Former death row inmate released on $150,000 bond following crowdfunding efforts: 'It's not a win until my feet touch grass'

·2 min read
This Oct. 1, 2017 photo shows inmate Clinton Young, outside death row at the Polunsky Unit prison near Livingston, Texas.
This Oct. 1, 2017 photo shows inmate Clinton Young, outside death row at the Polunsky Unit prison near Livingston, Texas.AP Photo/Mike Graczyk
  • Clinton Young spent 20 years on death row for crimes he says he did not commit.

  • A judge ruled that Young did not receive a fair trial and set a $150,000 bond for his release.

  • He was released Thursday after crowdfunding helped him reach his bond goal and now awaits a re-trial.

After spending 20 years on death row following his conviction on double-murder charges, former Texas inmate Clinton Young was released from prison earlier this week.

Young was convicted of two capital murder charges in 2003, but a new trial by the Texas Court of Criminal Appeals — permitted in September 2021 — found that the prosecutor in Young's case also worked for the judge presiding in his trial, according to local media outlet KWES-TV.

Judge John Hyde, the now-deceased judge who oversaw Young's original trial, paid the prosecutor, Weldon Ralph Petty, as a judicial clerk, according to court records.

Young was transferred from death row to another facility in October 2021 after District Judge Sid Harle ruled in April 2021 that the working relationship between Hyde and Petty in Young's original case prevented him from having a fair trial, KWES-TV reported.

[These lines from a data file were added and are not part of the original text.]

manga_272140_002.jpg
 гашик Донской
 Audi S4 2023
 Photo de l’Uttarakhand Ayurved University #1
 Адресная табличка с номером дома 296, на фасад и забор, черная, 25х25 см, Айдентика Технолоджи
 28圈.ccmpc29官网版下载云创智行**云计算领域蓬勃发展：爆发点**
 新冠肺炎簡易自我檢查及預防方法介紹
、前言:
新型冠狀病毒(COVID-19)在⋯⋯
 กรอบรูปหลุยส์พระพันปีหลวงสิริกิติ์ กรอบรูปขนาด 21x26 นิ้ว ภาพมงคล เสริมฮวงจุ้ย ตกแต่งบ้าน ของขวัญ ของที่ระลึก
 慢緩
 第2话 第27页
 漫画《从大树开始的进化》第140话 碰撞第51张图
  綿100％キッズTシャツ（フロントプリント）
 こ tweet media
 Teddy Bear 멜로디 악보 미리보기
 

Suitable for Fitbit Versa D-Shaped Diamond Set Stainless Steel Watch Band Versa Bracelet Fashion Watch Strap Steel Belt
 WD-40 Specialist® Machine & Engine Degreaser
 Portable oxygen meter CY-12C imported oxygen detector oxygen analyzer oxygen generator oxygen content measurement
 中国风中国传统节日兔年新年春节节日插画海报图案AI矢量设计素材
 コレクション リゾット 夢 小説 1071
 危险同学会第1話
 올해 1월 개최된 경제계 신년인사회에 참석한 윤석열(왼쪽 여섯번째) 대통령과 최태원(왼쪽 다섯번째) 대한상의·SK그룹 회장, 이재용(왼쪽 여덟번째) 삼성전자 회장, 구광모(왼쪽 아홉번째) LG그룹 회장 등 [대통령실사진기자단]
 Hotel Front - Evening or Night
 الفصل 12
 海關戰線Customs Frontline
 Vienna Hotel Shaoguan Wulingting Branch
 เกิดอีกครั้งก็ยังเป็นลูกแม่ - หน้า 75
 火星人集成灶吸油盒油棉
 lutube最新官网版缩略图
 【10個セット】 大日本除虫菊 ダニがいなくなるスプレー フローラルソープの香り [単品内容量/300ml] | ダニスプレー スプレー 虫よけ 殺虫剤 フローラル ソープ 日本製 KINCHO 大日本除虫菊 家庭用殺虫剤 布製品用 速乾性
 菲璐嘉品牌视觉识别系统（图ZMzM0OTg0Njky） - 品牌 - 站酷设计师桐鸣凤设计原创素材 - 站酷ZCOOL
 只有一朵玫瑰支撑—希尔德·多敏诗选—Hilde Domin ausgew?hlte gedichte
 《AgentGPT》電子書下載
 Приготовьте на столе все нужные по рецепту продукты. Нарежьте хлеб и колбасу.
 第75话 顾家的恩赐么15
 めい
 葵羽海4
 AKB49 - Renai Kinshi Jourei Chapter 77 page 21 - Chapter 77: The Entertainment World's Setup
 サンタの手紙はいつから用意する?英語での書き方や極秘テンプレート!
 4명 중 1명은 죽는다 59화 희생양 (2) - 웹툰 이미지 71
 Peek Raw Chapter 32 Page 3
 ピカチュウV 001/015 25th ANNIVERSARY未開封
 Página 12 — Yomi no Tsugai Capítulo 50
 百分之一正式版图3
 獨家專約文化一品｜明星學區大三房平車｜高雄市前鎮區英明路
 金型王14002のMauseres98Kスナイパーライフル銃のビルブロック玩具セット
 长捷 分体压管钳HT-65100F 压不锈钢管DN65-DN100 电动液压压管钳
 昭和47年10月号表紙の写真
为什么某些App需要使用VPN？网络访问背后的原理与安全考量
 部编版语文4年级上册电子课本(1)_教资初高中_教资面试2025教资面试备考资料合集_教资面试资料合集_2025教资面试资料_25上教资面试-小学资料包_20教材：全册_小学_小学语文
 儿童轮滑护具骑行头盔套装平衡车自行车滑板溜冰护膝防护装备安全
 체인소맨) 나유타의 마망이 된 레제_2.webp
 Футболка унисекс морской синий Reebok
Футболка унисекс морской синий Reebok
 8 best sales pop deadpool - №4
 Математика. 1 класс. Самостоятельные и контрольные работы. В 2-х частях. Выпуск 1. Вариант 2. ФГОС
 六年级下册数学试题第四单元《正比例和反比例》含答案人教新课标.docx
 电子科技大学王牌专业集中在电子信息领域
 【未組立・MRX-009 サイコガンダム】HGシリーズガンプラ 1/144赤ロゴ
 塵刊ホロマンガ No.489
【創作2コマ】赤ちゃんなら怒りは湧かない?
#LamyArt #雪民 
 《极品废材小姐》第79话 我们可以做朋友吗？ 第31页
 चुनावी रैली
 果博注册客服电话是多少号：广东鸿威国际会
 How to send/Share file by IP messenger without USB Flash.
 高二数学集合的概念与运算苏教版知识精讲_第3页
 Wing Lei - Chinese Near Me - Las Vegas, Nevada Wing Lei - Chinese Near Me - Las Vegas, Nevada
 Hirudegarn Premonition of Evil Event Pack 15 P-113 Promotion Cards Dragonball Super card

A $150,000 bond was set for Young on January 19, 2022. After a single day of crowdfunding for 15% of the bond, legal fees, and other expenses, Young was released, according to the foundation made in his name.

"It's not a win until my feet touch grass," Young said after his release, according to a Facebook video.

Young's story garnered both national and international attention after a documentary released in 2021 alleged inconsistent testimonies, new information, and missing evidence in his case. He denied responsibility on the charges he was convicted on.

He now awaits a retrial and can do so out of jail, the Clinton Young Foundation said in a Facebook post.

"Being on death row makes you want to think about your legacy," Young said in a video clip posted to Facebook. "I want to do good things. I want to help other people. I want to fix a broken system."

Young did not immediately respond to Insider's request for comment.